Powerful antiandrogen usually administered with estrogens to maintain regular menstruation and to prevent conception. Not available in United States.

Dosing

Adult

50-100 mg/d PO on days 1-10 with oral contraceptive

Pediatric

Administer as in adults; only administered postmenarche

Interactions

None reported

Contraindications

Documented hypersensitivity; children; breastfeeding; same contraindications as other OC agents

Precautions

Pregnancy

X - Contraindicated; benefit does not outweigh risk

Precautions

Monitor liver function; adverse effects include weight gain, fatigue, loss of libido, mastodynia, nausea, headaches, depression; risk of venous thromboembolism associated with antiandrogen OC use is at least as high as with third-generation oral contraceptive use

Finasteride (Proscar, Propecia)

Predominantly a type 2, 5 a -reductase inhibitor. Inhibits the production of DHT. Efficacy in hirsutism is similar to that of spironolactone.

Dosing

Adult

5 mg/d PO

Pediatric

Administer as in adults; only administered postmenarche

Interactions

None reported

Contraindications

Documented hypersensitivity; breastfeeding; children

Precautions

Pregnancy

X - Contraindicated; benefit does not outweigh risk

Precautions

Must be used with contraception as it may cause ambiguous genitalia development in male fetus; monitor liver function; monitor patients with severely diminished urinary flow for obstructive uropathy (if possible avoid in these patients)

GnRH agonists/antagonists

These agents, which suppress pituitary LH and FSH secretion, suppress ovarian hormone secretion to a greater degree than OCs. Examples of GnRH agonists in the United States include Lupron, Synarel, and Zoladex. The endometriosis doses are the ones used for hirsutism. Significant osteoporosis may occur if treatment lasts longer than 6 months; in these cases, estrogen add back with HRT or OC pills should be given.

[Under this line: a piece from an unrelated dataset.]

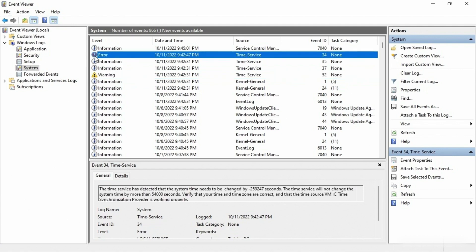Then we have the red circle with an exclamation point — that says error. This means something actually has gone wrong and you've had some kind of failure. It's saying the time service detected it needs to be changed, and the time service will not change the system time by more than 54,000 seconds. If your clock is not set right, you will have all sorts of other failures. This gives you an idea of how you can use event logs to troubleshoot a problem.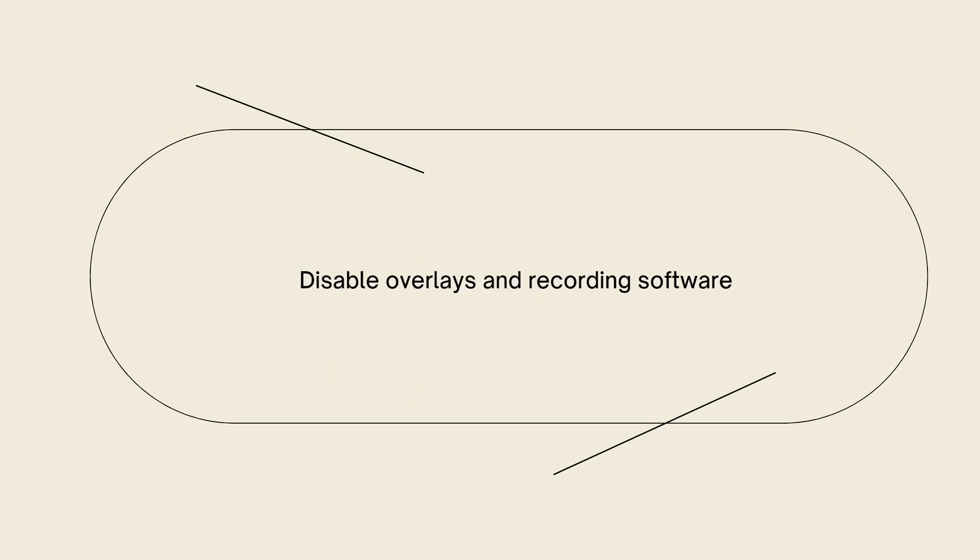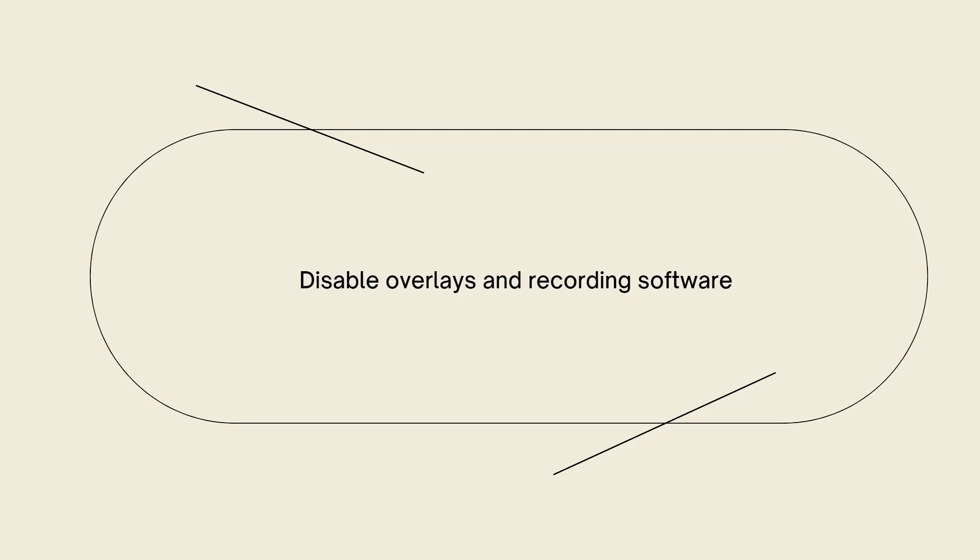Disable overlays and recording software. Disable any overlays or recording software running in the background, such as Discord Overlay, GeForce Experience Overlay, or OBS. These overlays can sometimes conflict with the game and cause stability issues.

Leuprolide acetate (Lupron, Lupron Depot)

Suppresses ovarian and testicular steroidogenesis by decreasing LH and FSH levels.

Dosing

Adult

3.5-7.5 mg/mo IM; not to exceed 6 mo without adding low-dose estrogen and progestin therapy

Pediatric

Administer as in adults; only administered postmenarche

Interactions

None reported

Contraindications

Documented hypersensitivity; undiagnosed vaginal bleeding; spinal cord compression

Precautions

Pregnancy

X - Contraindicated; benefit does not outweigh risk

Precautions

Urinary tract obstruction, tumor flare, and bone pain may occur; monitor patients for weakness and paresthesias; consider estrogen add back if therapy is longer than 6 mo

Nafarelin acetate (Synarel)

Suppresses secretion of LH and FSH, which in turn reduces ovarian and testicular steroid production. Available as nasal solution (2 mg/mL).

Dosing

Adult

1 spray (200 µg) into 1 nostril am and 1 spray into other nostril pm; start treatment between d 2 and 4 of menstrual cycle; may require up to 800 µg if amenorrhea is not achieved or in cases of ovarian hyperthecosis

Pediatric

Administer as in adults; only administered postmenarche

Interactions

None reported

Contraindications

Documented hypersensitivity to GnRH or related products; undiagnosed abnormal vaginal bleeding; pregnancy or women who may become pregnant while receiving drug; pernicious anemia

Precautions

Pregnancy

X - Contraindicated; benefit does not outweigh risk

Precautions

Ovarian cysts may occur in first 2 mo of therapy, especially in patients with PCOS; cystic enlargements may occur but may resolve spontaneously (generally by 4-6 wk of therapy); caution in patients with risk factors for decreased bone mineral content; consider estrogen add back if therapy continues for more than 6 mo

Goserelin (Zoladex)

Suppresses ovarian and testicular steroidogenesis by decreasing LH and FSH levels.

Dosing

Adult

3.6 mg SC q28d or 10.8 mg SC q12wk for 6 mo

Pediatric

Administer as in adults; only administer postmenarche

Interactions

None reported

Contraindications

Documented hypersensitivity; undiagnosed vaginal bleeding; spinal cord compression

Precautions

Pregnancy

X - Contraindicated; benefit does not outweigh risk

Precautions

Urinary tract obstruction, tumor flare, and bone pain may occur; monitor patients for weakness and paresthesias

Corticosteroids

Adrenal hyperandrogenism responds well to low-dose glucocorticoid therapy with dexamethasone or prednisolone. These agents are used with variable success in women with adrenal hirsutism, CAH, and idiopathic adrenal hyperandrogenism. Glucocorticoids have anti-inflammatory properties and cause profound and varied metabolic effects. Changes suggesting Cushing disease may develop in patients receiving long-term therapy.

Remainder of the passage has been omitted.